**Instructions to follow**
The records that follow are to be repeated exactly, without any pictures.

Brief descriptive captions
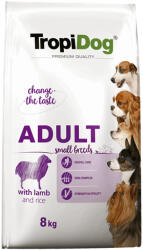 TropiDog 2x8kg Tropidog Premium Adult Small bárány & rizs száraz kutyatáp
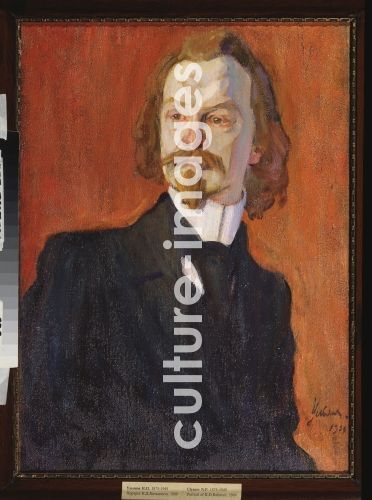Nikolai Pawlowitsch Uljanow, Porträt des Dichters Konstantin Balmont (1867-1942)
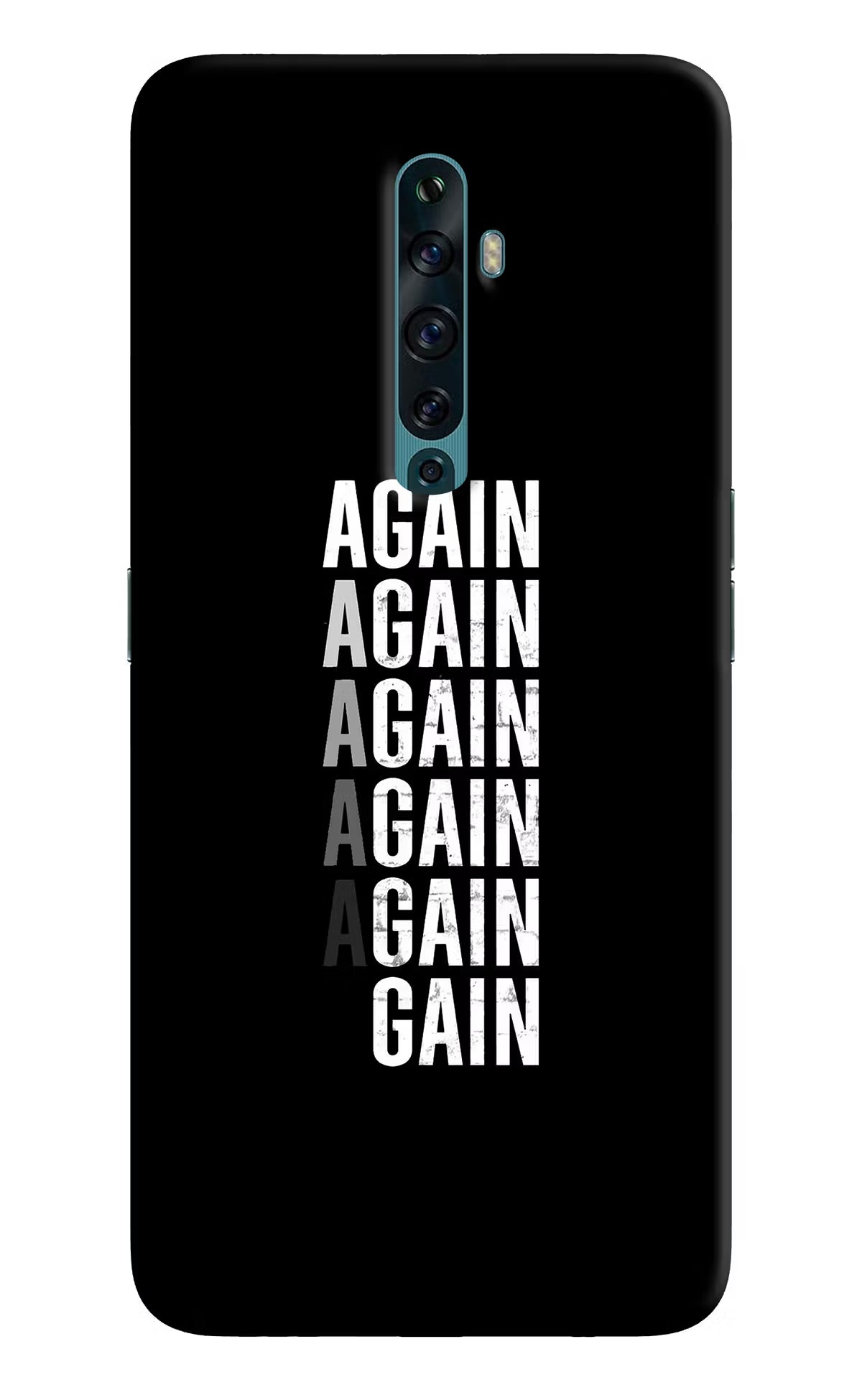 Again Again Gain Oppo Reno2 F Back Cover
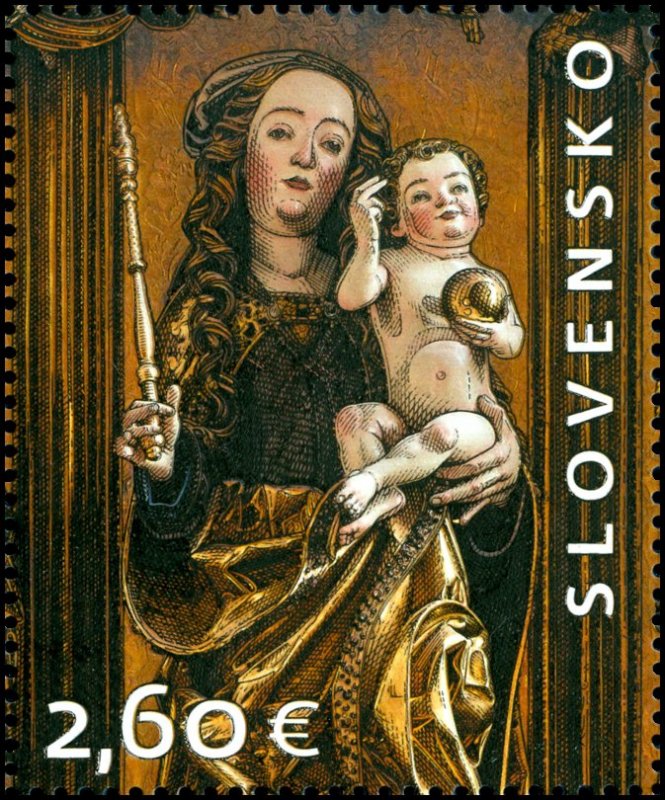 Stamps of Slovakia 2017. - ART: Altarpiece of the Holy Cross. St. James in the c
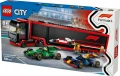 LEGO Klocki City 60445 F1 Ciężarówka z bolidami RB20 i AMR24 F1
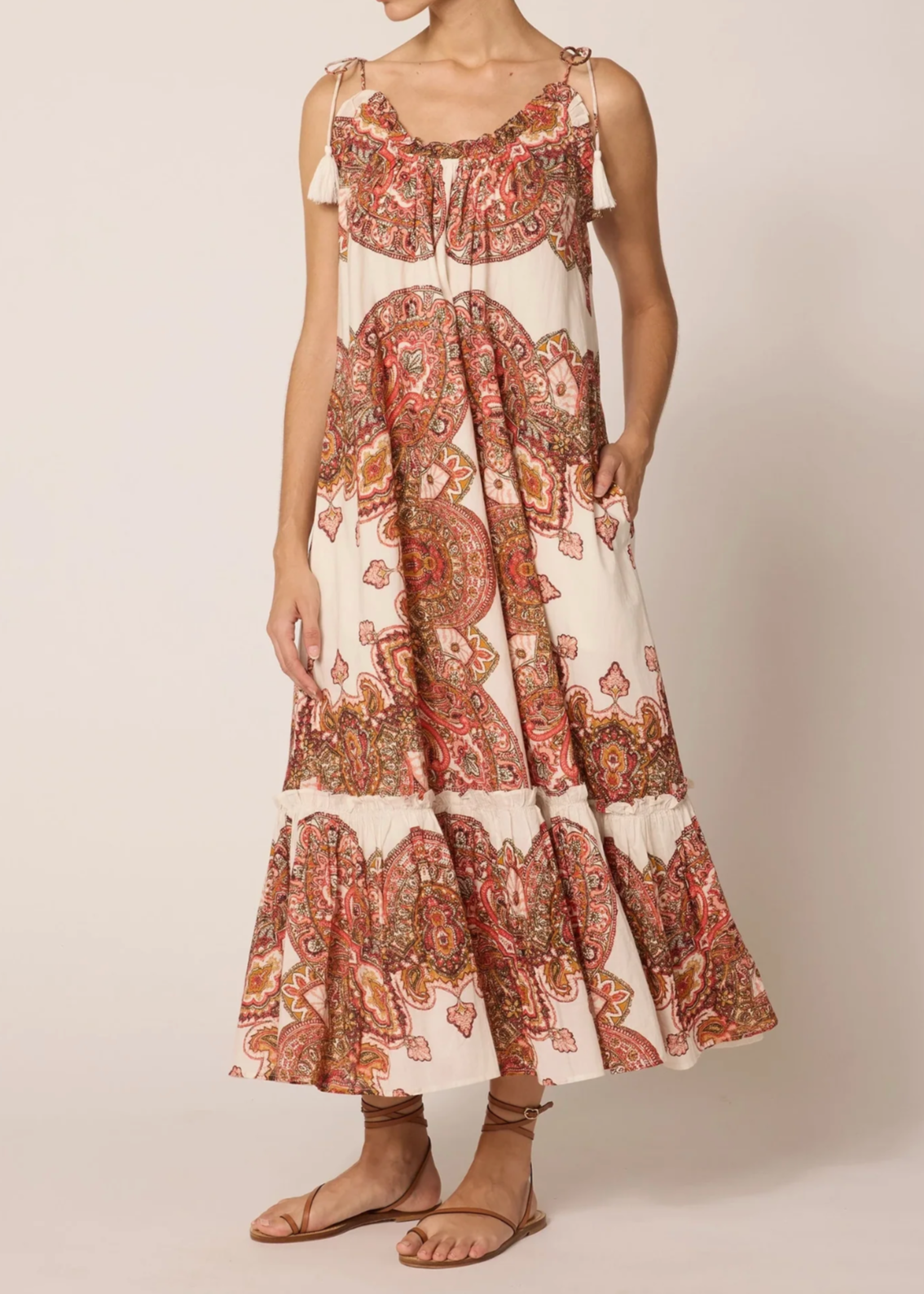 Cleobella Cindy Ankle Dress | Foulard Paisley Print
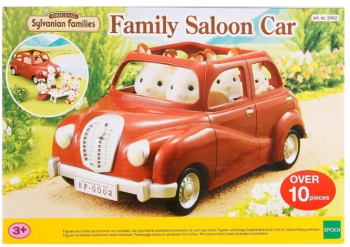 Купить Семейный автомобиль красного цвета Sylvanian Families, 2002 по цене 2 113 руб. от производителя Epoch, Бренд: Sylvanian Families
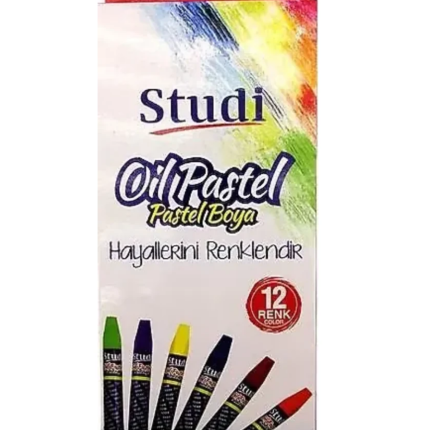 Studi 12'li Pastel Boya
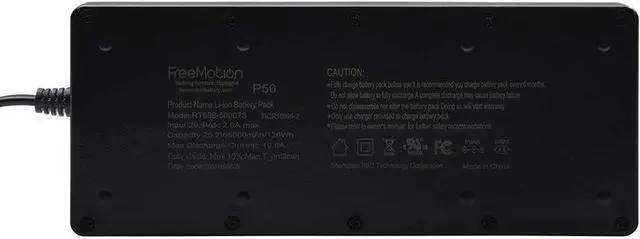 Alt view image 5 of 7 - 5000 mAh Battery Power Recliner Rechargeable Battery Pack, for Sofa Battery, Sectional Battery, Furniture Battery, with Power Supply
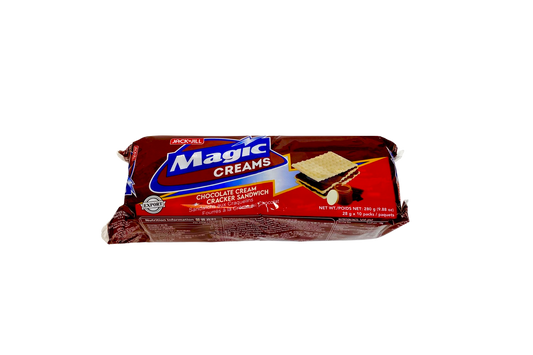 Jack N Jill Magic Creams  Chocolate Flavored Cream Cracker Sandwich (Brown) 10pk 280g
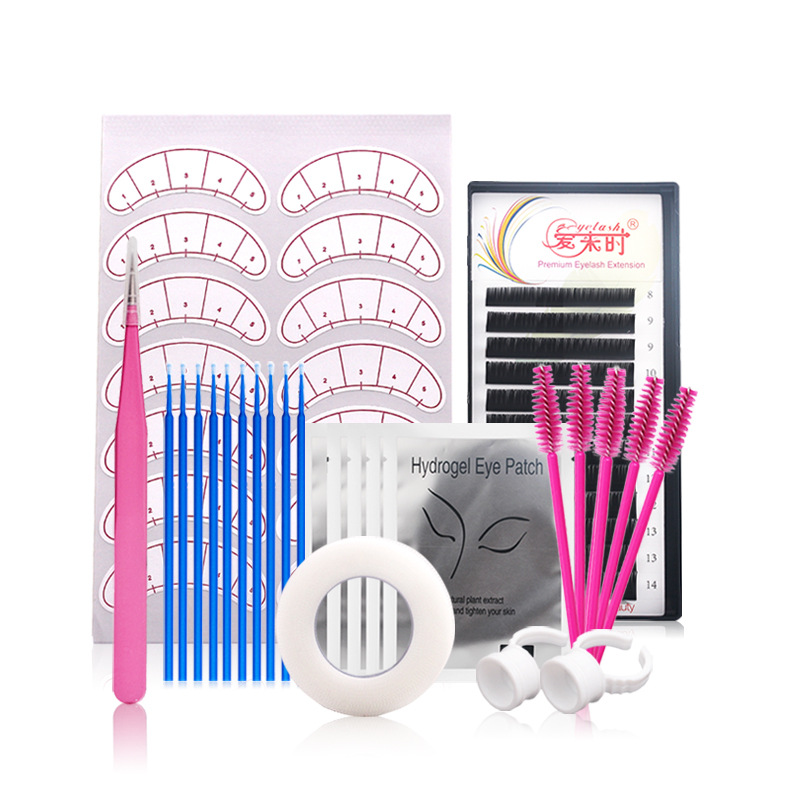 wholesale mikiwi private label customized oem odm own brand professional eyelash extension kit bag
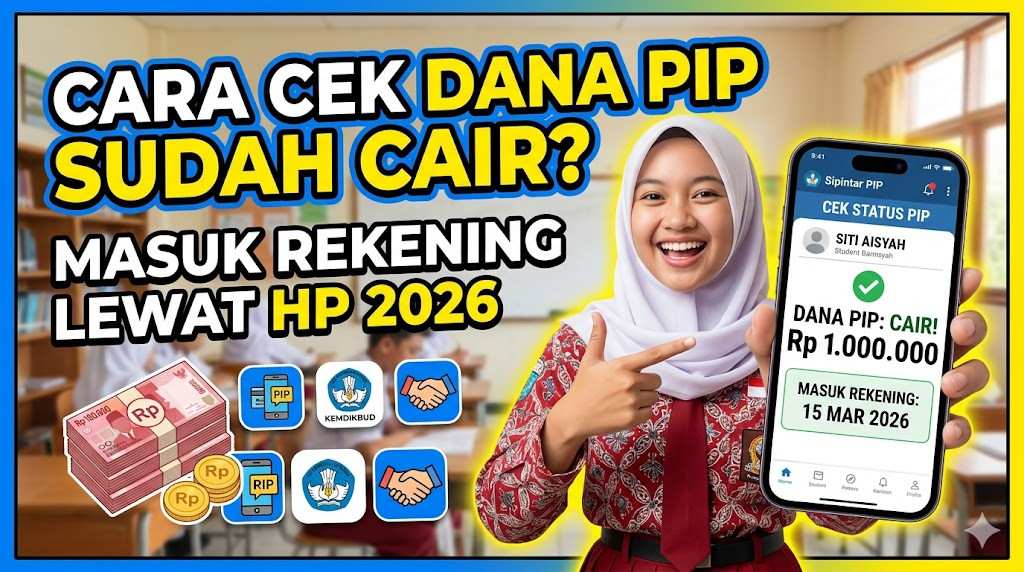 Cara Cek Dana PIP Lewat HP Sudah Cair Masuk Rekening atau Belum 2026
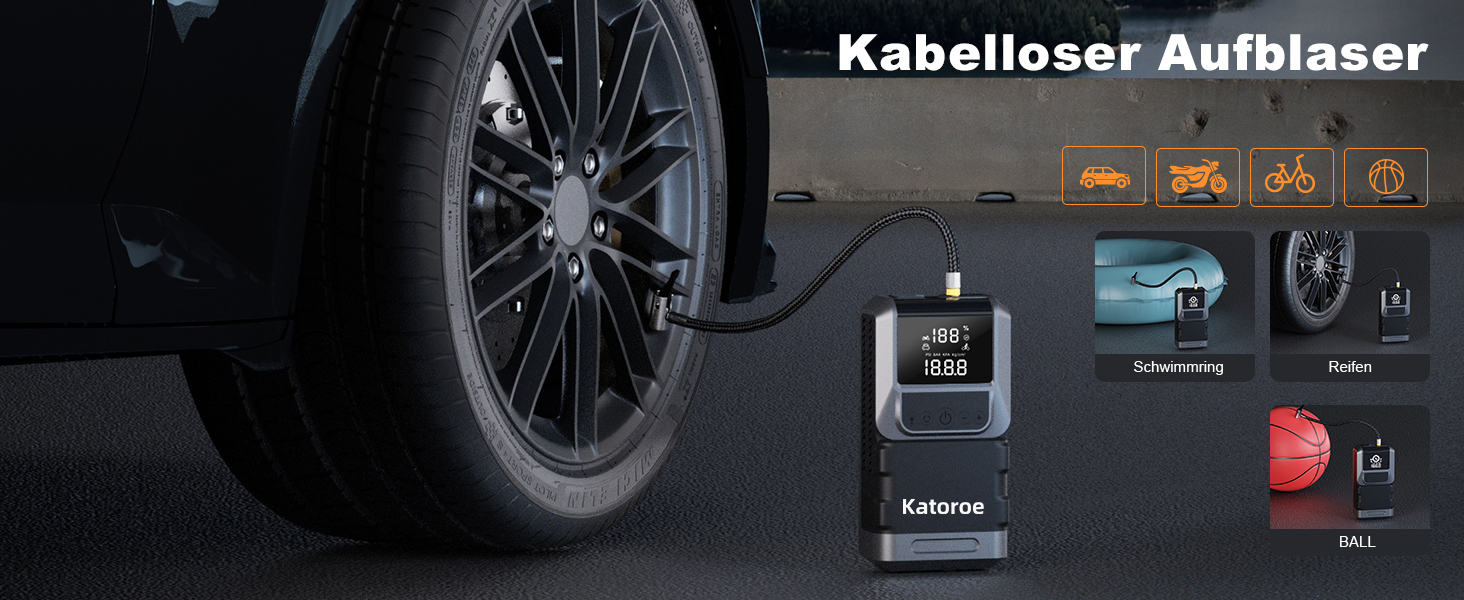 Пусковий зарядний пристрій (Бустер) 6000A з компресором 150 PSI, Powerbank для авто 12V (бензин до 10л, дизель до 8л), з LED-ліхтарем та дисплеєм, чорний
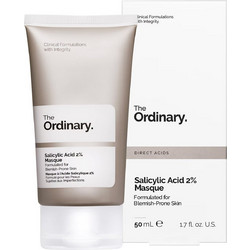 The Ordinary Salicylic Acid 2% Κρεμώδης Μαύρη Μάσκα Προσώπου για Καθαρισμό με Άνθρακα 50ml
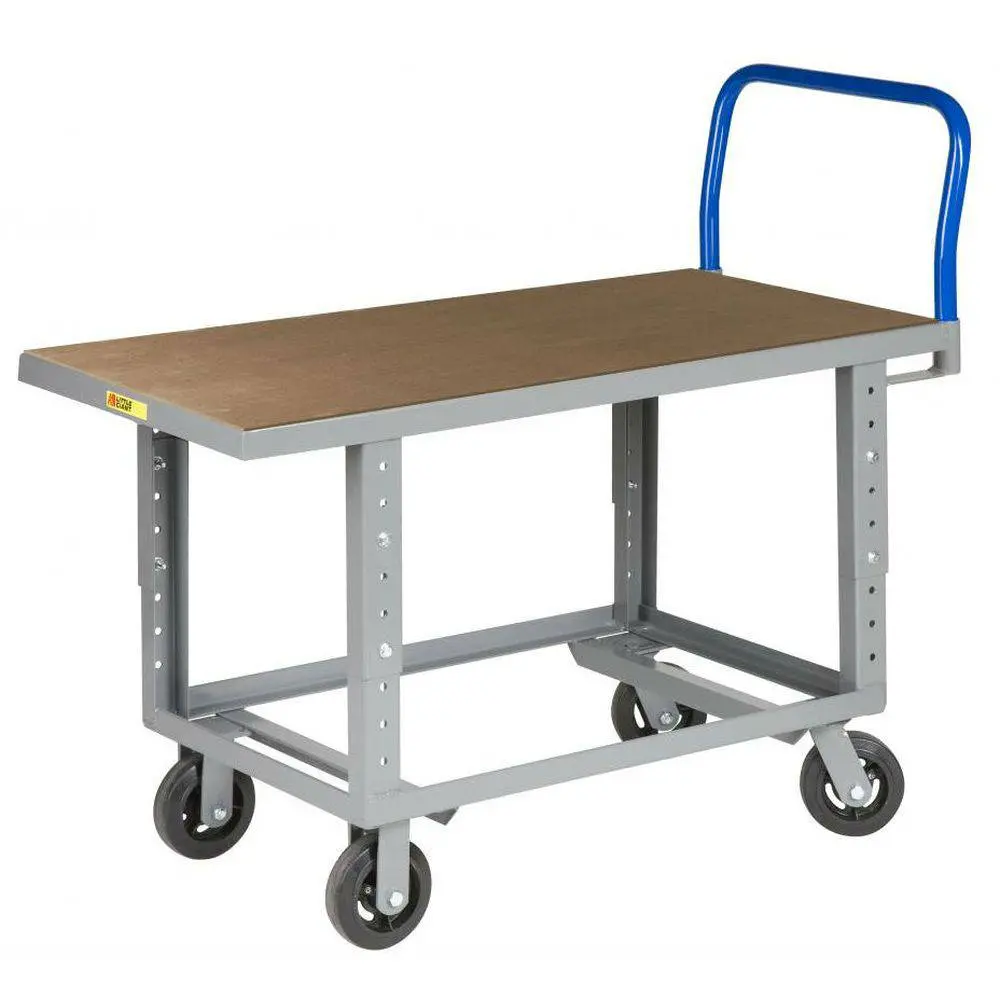 Ergo Work Height Platform Truck (Adj. Height Hardwood On Steel Deck) 1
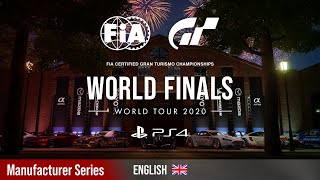 FIA Gran Turismo Championships 2020  Manufacturer Series  World Finals  Finals ENGLISH [upl. by Alessandro]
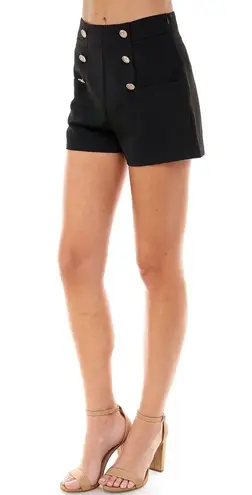 TCEC | High Waist Sailer Shorts | S | Black | CP9388 | Sample Sale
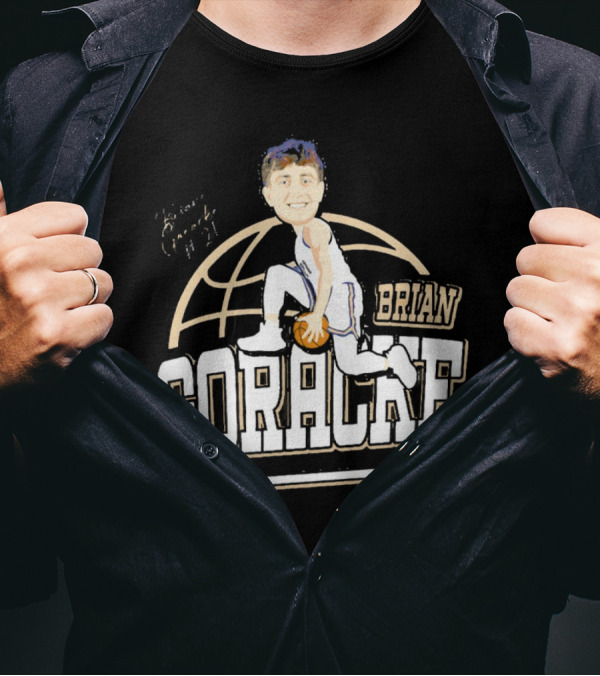 Brian Goracke Cartoon Signature Basketball T-Shirt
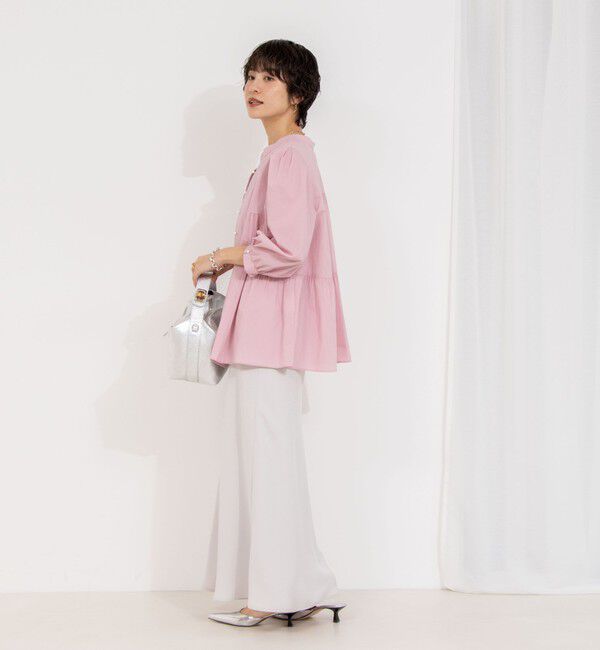 NOLLEY'S sophi「【追加】《オールシーズン対応》ウォッシャブルマットサテンナロースカート」|スカート|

**Task solution**
 TropiDog 2x8kg Tropidog Premium Adult Small bárány & rizs száraz kutyatáp
Nikolai Pawlowitsch Uljanow, Porträt des Dichters Konstantin Balmont (1867-1942)
 Again Again Gain Oppo Reno2 F Back Cover
 Stamps of Slovakia 2017. - ART: Altarpiece of the Holy Cross. St. James in the c
 LEGO Klocki City 60445 F1 Ciężarówka z bolidami RB20 i AMR24 F1
 Cleobella Cindy Ankle Dress | Foulard Paisley Print
 Купить Семейный автомобиль красного цвета Sylvanian Families, 2002 по цене 2 113 руб. от производителя Epoch, Бренд: Sylvanian Families
 Studi 12'li Pastel Boya
 Alt view image 5 of 7 - 5000 mAh Battery Power Recliner Rechargeable Battery Pack, for Sofa Battery, Sectional Battery, Furniture Battery, with Power Supply
 Jack N Jill Magic Creams  Chocolate Flavored Cream Cracker Sandwich (Brown) 10pk 280g
 wholesale mikiwi private label customized oem odm own brand professional eyelash extension kit bag
 Cara Cek Dana PIP Lewat HP Sudah Cair Masuk Rekening atau Belum 2026
 Пусковий зарядний пристрій (Бустер) 6000A з компресором 150 PSI, Powerbank для авто 12V (бензин до 10л, дизель до 8л), з LED-ліхтарем та дисплеєм, чорний
 The Ordinary Salicylic Acid 2% Κρεμώδης Μαύρη Μάσκα Προσώπου για Καθαρισμό με Άνθρακα 50ml
 Ergo Work Height Platform Truck (Adj. Height Hardwood On Steel Deck) 1
 FIA Gran Turismo Championships 2020  Manufacturer Series  World Finals  Finals ENGLISH [upl. by Alessandro]
 TCEC | High Waist Sailer Shorts | S | Black | CP9388 | Sample Sale
 Brian Goracke Cartoon Signature Basketball T-Shirt
 NOLLEY'S sophi「【追加】《オールシーズン対応》ウォッシャブルマットサテンナロースカート」|スカート|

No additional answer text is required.